The conversation around inflight entertainment has shifted.
For years, the focus was on how much content could be loaded onboard. Today, the more interesting question is: how quickly can airlines adapt their entertainment offering to changing passenger expectations?
Personal Device Integration (BYOD) has accelerated that shift. Passengers now expect the same connected, personalized experience they have at home like pairing Bluetooth headphones, using their own devices as remotes, accessing saved preferences, and discovering content that’s relevant to them.
But personalization is only part of the equation.
As expectations continue to rise, airlines will need the ability to refresh onboard libraries more frequently. Seasonal programming, trending series, blockbuster releases, regional preferences, and even event-driven content all have greater value when they can reach the aircraft faster.

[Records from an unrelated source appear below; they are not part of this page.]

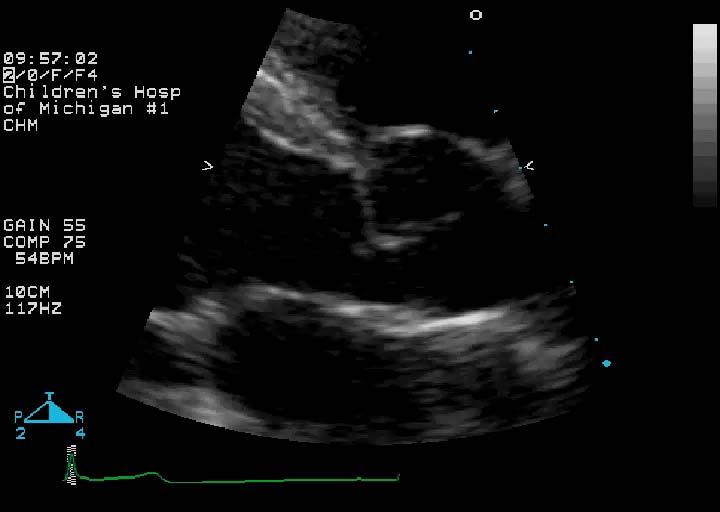 Question 10 - A common complication of this defect is: 1. Pulmonary valve endocarditis 2.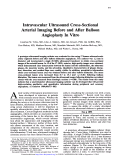 Cover page: Intravascular ultrasound cross-sectional arterial imaging before and after balloon angioplasty in vitro.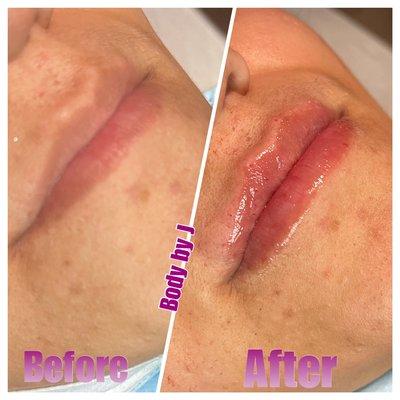 Lip filler Hyaluron treatment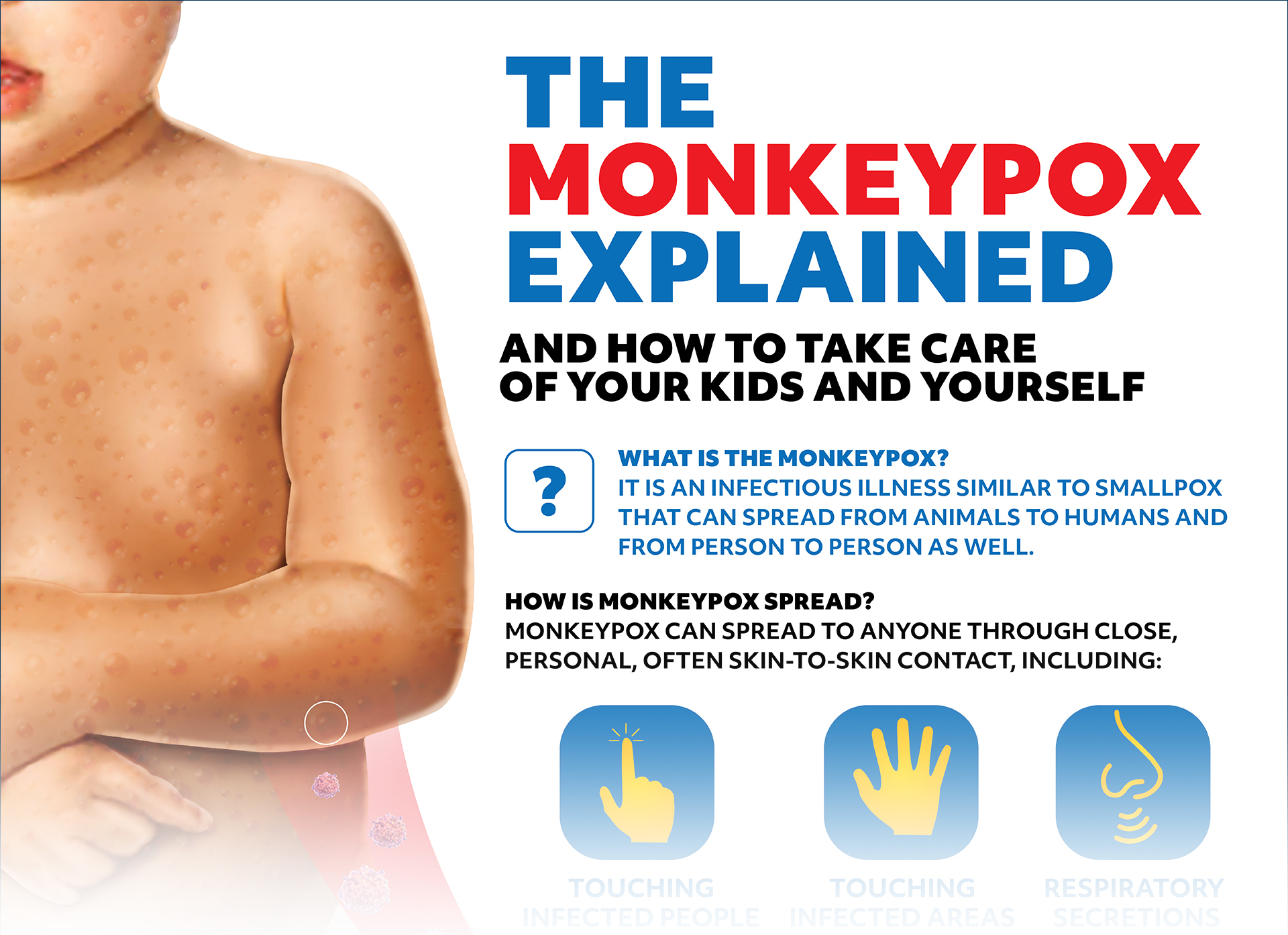 Monkeypox Infographic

That requires more than connectivity. It requires the entire content supply chain to evolve.
At The Lab @ West, we’re continuously rethinking the technologies and workflows behind content preparation and delivery. Automation, AI-assisted workflows, and smarter processing pipelines aren’t simply about improving efficiency, they’re about enabling airlines to deliver fresher content onboard more often, without compromising quality or reliability.
The future of IFEC won’t be defined by a single screen or a single innovation. It will be defined by an ecosystem capable of moving at the pace of passenger expectations.